(About this exercise) Which lines of the records below contain the string "Black"? Report each of them.

(Extracted entries)
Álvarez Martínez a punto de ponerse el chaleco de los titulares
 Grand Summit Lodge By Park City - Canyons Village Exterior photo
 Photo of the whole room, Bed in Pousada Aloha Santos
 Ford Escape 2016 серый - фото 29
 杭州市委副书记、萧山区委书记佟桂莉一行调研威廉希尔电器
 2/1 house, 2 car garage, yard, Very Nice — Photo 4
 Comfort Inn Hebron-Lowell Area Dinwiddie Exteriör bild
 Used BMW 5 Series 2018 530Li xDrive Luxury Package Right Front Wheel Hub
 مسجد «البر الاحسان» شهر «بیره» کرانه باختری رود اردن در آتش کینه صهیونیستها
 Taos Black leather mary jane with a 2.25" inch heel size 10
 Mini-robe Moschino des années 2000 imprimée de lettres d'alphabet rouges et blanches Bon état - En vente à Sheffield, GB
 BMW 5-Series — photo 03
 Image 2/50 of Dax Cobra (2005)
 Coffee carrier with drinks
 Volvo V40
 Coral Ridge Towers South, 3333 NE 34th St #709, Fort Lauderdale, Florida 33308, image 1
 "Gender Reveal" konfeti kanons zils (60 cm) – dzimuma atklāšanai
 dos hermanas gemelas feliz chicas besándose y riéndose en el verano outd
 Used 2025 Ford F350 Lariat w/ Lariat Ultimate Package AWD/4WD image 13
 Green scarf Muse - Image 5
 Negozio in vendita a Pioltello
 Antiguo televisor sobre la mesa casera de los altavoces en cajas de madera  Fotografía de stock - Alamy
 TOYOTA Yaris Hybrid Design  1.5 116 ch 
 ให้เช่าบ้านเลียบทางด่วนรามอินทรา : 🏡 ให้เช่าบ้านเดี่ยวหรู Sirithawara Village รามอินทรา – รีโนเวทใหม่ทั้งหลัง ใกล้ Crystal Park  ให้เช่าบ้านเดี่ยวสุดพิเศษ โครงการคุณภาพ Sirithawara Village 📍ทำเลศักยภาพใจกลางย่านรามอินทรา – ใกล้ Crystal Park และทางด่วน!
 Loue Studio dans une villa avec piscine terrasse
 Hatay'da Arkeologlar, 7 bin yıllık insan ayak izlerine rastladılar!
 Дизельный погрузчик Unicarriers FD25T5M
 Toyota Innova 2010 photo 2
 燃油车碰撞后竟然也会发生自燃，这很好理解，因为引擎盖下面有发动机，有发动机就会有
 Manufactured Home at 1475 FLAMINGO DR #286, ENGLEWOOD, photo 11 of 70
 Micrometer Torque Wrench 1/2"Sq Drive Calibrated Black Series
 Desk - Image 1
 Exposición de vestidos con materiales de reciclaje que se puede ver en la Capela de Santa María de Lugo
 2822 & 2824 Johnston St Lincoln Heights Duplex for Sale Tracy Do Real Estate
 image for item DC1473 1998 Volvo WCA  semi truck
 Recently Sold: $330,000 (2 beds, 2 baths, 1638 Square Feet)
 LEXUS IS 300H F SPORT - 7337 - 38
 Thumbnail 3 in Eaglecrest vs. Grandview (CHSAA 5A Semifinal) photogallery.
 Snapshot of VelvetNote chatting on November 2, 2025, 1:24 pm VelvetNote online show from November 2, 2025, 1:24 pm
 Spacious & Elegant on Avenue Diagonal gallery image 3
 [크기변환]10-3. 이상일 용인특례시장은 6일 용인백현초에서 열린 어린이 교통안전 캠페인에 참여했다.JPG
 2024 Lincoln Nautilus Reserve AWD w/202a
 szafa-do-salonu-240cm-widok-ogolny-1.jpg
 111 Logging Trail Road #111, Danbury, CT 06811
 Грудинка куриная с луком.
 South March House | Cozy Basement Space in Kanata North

(Expected output)
 Taos Black leather mary jane with a 2.25" inch heel size 10
 Micrometer Torque Wrench 1/2"Sq Drive Calibrated Black Series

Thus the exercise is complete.